Sebuah pengalaman, ketika sekarang banyak masyarakat yang berfikir kalau uang dari pemerintah itu sifatnya cuma-cuma, dan tidak perlu mengembalikan. Kemudian dalam sebuah program simpan pinjam dari dana bantuan juga, masyarakat banyak yang berfikir kalau itu sama-sama bantuan pemerintah dan tidak perlu di kembalikan. Belum lagi soal timbulnya "jiwa miskin" dari sebagian orang yang rela di miskinkan asal mendapat jatah uang yang tak seberapa tersebut.
Kembali lagi ke rencana kenaikan harga BBM, mungkin rakyat kecil seperti saya hanya bisa ikut setiap keputusan yang di buat pemerintah, meskipun dengan (sangat) berat hati. Dan sebenarnya, saya berharap harga BBM tak jadi naik.
23 comments for "BBM: Benar-Benar Meresahkan"
Banyak yang beranggapan seperti itu, benar-tidaknya tetap saja kita "harus" nurut sebagai rakyat kecil. Bijak-tak bijak, tetap saja disebutnya "kebijakan". Semoga saja harga BBM tidak jadi naik.

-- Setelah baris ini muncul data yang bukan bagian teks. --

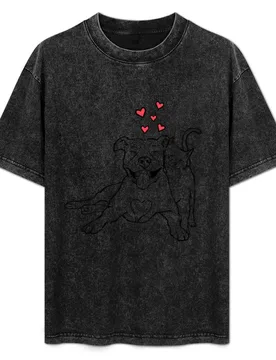 Pitties & Kitties, Pitbull and Cat Lovers T-Shirt Casual Loose Fit Short Sleeve T-Shirt - Aliexpress - FashionsVida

sisi buruknya,..... ya ini yang sulit,.... pasti sulit :(
klo pemerintah amerika sono,
njahatin negara lain demi kesejahteraan warga negaranya,
lah klo pemerintah endonesia,
aaaah...
No comment sajalah...
Itu kata pemerintah loch. Ga tau kalo kata negara sendiri. Btw, kapan ya negara pernah diuntungkan dengan persoalan BBM?
@Richie Dellan: Lebih rugi lagi kalau uang negara di korupsi. Kalau tanya kapan, mengutip judul lagu koes plus, jawbannya 'kapan-kapan':(
@ysalma: tidak usah bingung, nanti kasian kalau tersesat :D
Satu sisi mungkin itu dianggap perlu oleh suatu perusahaan yg sedang membutuhkan kenaiakan utk kestabilannya, lain sisi kita smua menjerit walau akhirnya pasrah terkapar tak berdaya menerima keadaan ini...
Akhirnya terbiasa....
Salam hangat serta jabat erat selalu dari Tabanan
@giewahyudi: hmm... semoga saja tidak :)
@Sugeng: semoga ke khawatirannya tidak terjadi, Pak.